Wundschwestern sind Fachleute, aber das Sozialversicherungssystem ist ihnen eher unwichtig. Wir müssen leider alles gegenchecken, was viel Zeit und Nerven kostet. Mein Fazit: Das ganze bringt mehr Chaos und hilft mir im Praxisalltag gar nicht. Ich denke, besser wäre es, den Arztpraxen mehr finanzielle Möglichkeiten zu geben, damit sie genug Pflegepersonal einstellen können.
Was tatsächlich gut läuft und uns wirklich entlastet, ist die neue Blankoverordnung für Physiotherapie. Dabei kann der Physiotherapeut neuerdings selbst entscheiden, was für den Patienten und für dessen Erkrankung richtig ist - schließlich hat er die Expertise. Und er steht dann auch selbst für seine Entscheidung gerade. Das heißt, dass die Verantwortung für medizinische Maßnahmen an den Physiotherapeuten übergeht. Auf der Verordnung steht nur noch die Diagnose, also zum Beispiel: Schulter-Arm-Syndrom. Und der Physiotherapeut überlegt selbständig, was in dem Fall für den Patienten individuell wichtig und richtig ist: Krankengymnastik, manuelle Therapie, Wärme, Bewegung. Und er entscheidet auch, wie viel von allem gebraucht wird. Er muss dokumentieren, was und wie viel er gemacht hat und das wirtschaftlich begründen können.
Die Verantwortung geht hier komplett an diejenigen, die die Therapie machen. Diese Lösung finde ich als Hausärztin sehr angenehm. Es entlastet die Praxis tatsächlich, wenn der Patient mit seinem Schulter-Arm-Syndrom nicht dreimal wiederkommt, weil er eine Verlängerung der Verordnung braucht. Ich sehe ihn nur dann wieder, wenn der Physiotherapeut feststellt, dass er mit seinen Mitteln nicht weiterhelfen kann. Diese gesetzliche Veränderung ist durchdacht und konsequent. Sie hilft tatsächlich. Vielleicht könnte man daraus für das geplante Pflegekompetenzgesetz Schlüsse ziehen.

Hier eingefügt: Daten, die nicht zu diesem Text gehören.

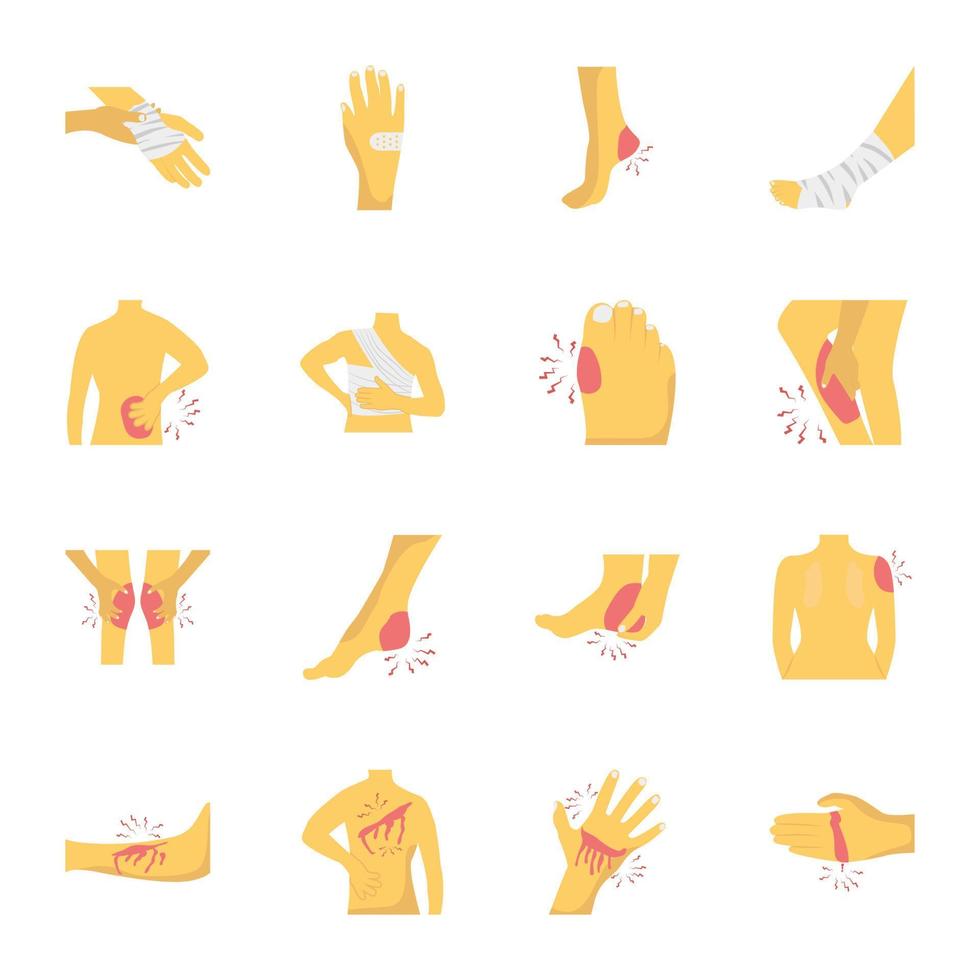 Pack of Body Fractures Flat Icons vector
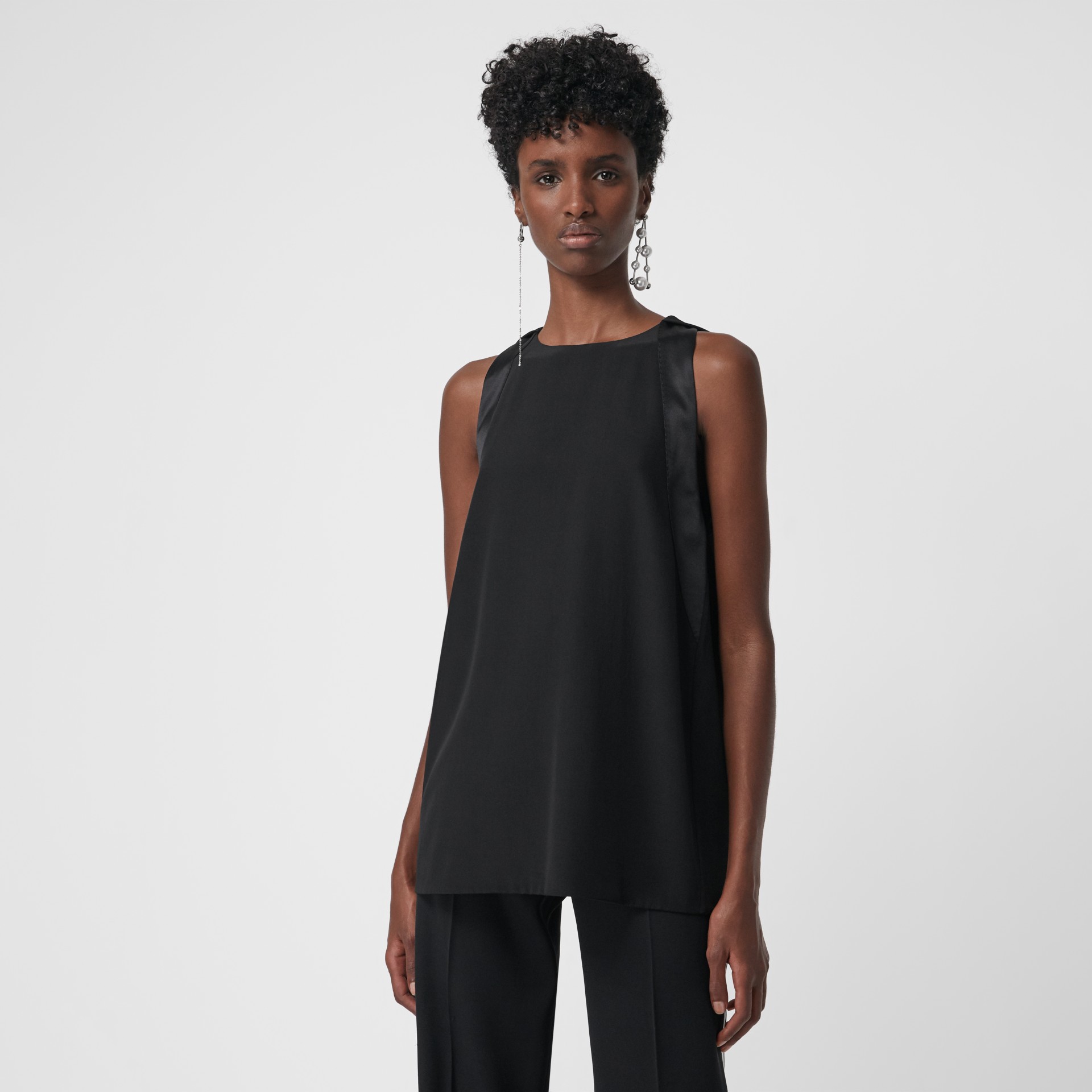 Sleeveless Panelled Silk Top in Black - Women | Burberry United States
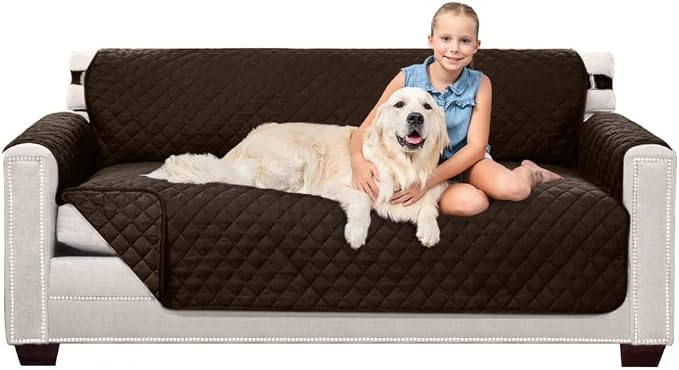Sofa Shield® Couch Slip Covers for Dogs, Reversible Furniture Protector with Strap, Stain and Tear Resistant Cushion Cover, 70 inch Seat, Machine Washable Slipcover Dog Pets Cats, Chocolate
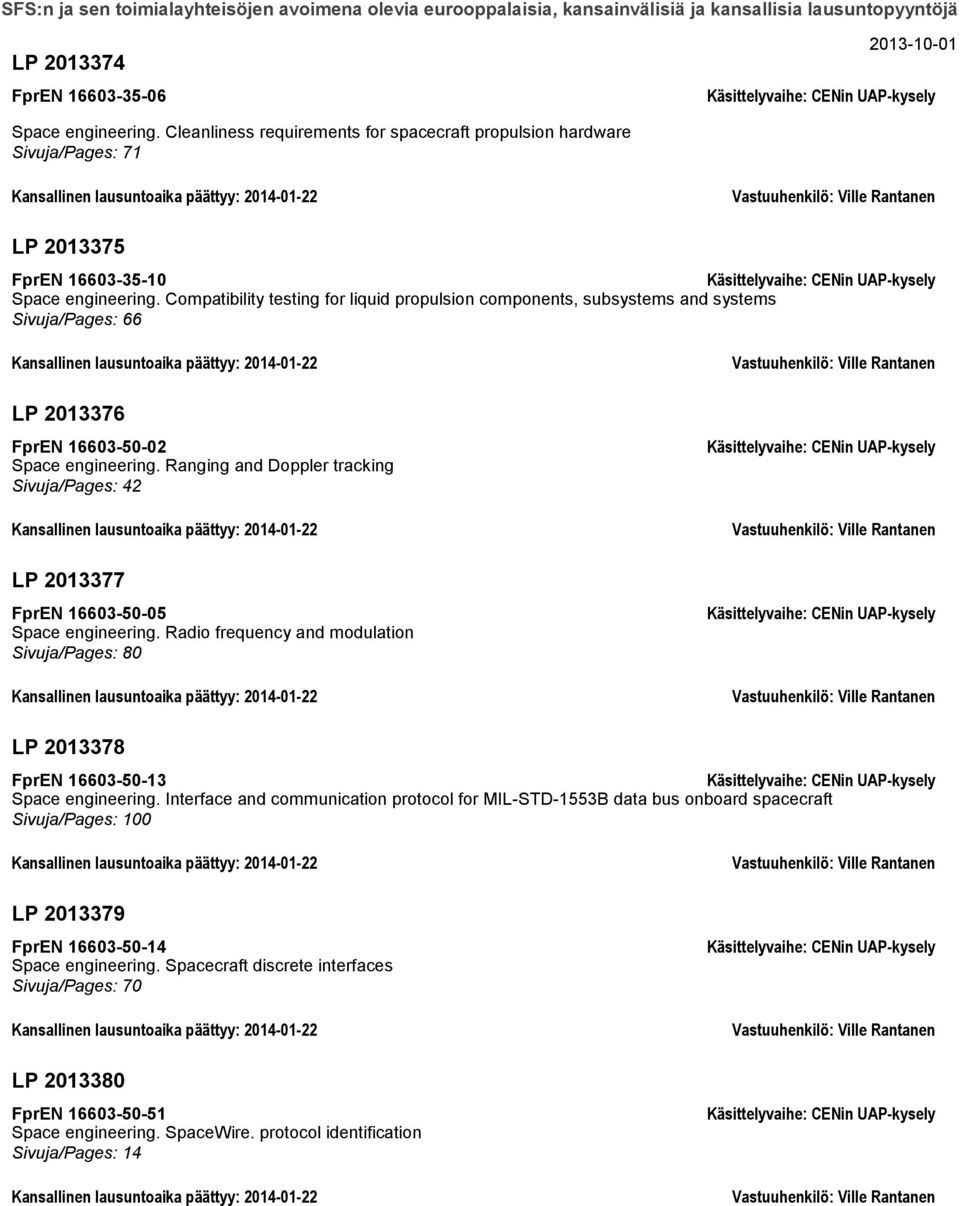 Compatibility testing for liquid propulsion components, subsystems and systems Sivuja/Pages: 66 Kansallinen lausuntoaika päättyy: 2014-01-22 LP 2013376 FprEN 16603-50-02 Space engineering.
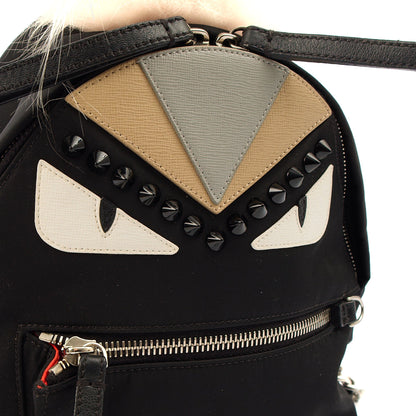 Fendi Mini Backpack Monster Backpack in Black, Fabric — Side View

Dr. med. Petra Sandow ist Fachärztin für Allgemeinmedizin mit dem Schwerpunkt Infektiologie. Sie studierte Humanmedizin in Berlin und Münster. Nach klinischer Tätigkeit in der Gynäkologie und Inneren Medizin ist sie seit mehr als 30 Jahren als Hausärztin in eigener Praxis in Charlottenburg niedergelassen.